Wall Street is fattening its paychecks even as it slashes jobs.
The New York financial sector has been cutting employees in recent years. But those who have held on to their jobs brought home more money than they did two years ago. Their pay was close to pre-recession highs in 2007, according to a report from the New York State comptroller.
The average salary of financial industry employees in New York City rose to $362,950 in 2011. That's a 16.6% increase from two years ago.
In the same period, the industry's revenue fell by 22% as a result of weaker trading and investment banking activity.
Investment banks have been under pressure to get lean, as new laws passed after the financial crisis, a slowdown in the global economy, and record low interest rates have eaten away at their business.
As demands to reduce costs continue to mount, banks have taken to cutting jobs as a way to preserve profits rather than lowering salaries. The banks have been squeezing profits out of fewer employees.
Wall Street firms let go of more than 75,000 people in 2011 and analysts estimate that the industry will have up to 15% fewer employees in 2013 than at the start of 2012.
The comptroller estimated the financial industry employed 168,700 people in New York by the end of August 2012.
That's 5.3% of the city's total number of private sector jobs. However, the industry made 23.2% of its wages.
Shareholders and critics have decried big pay increases, saying banks aren't doing enough to bring down costs. In April, Citigroup shareholders rejected a $15 million pay raise for the bank's CEO Vikram Pandit.

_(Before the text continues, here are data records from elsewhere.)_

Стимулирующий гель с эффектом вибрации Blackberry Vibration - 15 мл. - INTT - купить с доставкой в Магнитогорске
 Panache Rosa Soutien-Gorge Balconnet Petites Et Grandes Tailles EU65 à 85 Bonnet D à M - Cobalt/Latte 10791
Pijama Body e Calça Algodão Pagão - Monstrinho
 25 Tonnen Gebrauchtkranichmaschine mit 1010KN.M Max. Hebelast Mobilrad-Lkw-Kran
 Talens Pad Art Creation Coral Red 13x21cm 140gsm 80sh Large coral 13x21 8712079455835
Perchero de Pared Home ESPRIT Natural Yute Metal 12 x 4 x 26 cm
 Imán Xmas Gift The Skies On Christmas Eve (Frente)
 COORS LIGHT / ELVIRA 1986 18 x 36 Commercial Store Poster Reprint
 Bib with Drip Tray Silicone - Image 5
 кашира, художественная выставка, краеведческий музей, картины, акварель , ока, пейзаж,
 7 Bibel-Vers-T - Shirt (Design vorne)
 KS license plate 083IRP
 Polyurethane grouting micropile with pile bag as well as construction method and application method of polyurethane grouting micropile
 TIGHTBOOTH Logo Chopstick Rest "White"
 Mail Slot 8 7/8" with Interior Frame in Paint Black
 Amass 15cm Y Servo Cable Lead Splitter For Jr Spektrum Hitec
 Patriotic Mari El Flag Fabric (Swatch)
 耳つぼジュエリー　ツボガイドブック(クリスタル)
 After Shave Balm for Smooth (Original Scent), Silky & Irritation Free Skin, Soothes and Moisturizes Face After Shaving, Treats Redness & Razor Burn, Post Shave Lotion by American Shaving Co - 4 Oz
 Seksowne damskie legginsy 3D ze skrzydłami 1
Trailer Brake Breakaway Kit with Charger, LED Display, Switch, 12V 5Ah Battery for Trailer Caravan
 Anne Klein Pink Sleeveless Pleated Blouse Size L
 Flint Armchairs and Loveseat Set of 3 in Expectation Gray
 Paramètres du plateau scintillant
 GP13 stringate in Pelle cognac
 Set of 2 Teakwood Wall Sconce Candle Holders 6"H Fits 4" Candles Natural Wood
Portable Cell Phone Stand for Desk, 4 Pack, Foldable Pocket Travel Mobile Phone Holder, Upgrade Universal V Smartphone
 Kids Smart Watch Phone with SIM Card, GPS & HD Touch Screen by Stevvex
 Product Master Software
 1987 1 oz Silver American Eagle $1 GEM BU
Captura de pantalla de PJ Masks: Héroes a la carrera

"If you continue to see an acceleration of pay unrelated to performance a company is generating, then shareholders are going to be angry," said Charles Elson, director of the John L. Weinberg Center for Corporate Governance at the University of Delaware.
The likelihood of Wall Street pay falling looks slim. A survey of 900 people employed in finance by eFinancialCareers.com found that 48% of respondents expect their bonus this year to be higher than their 2011 bonus.
But New York's state comptroller was less bullish about bonus increases, predicting that they will likely decline in 2012, for the second year in a row.
"The securities industry remains in transition and volatility in profits and employment show that we have not yet reached the new normal," Thomas DiNapoli, New York state comptroller, said in a statement.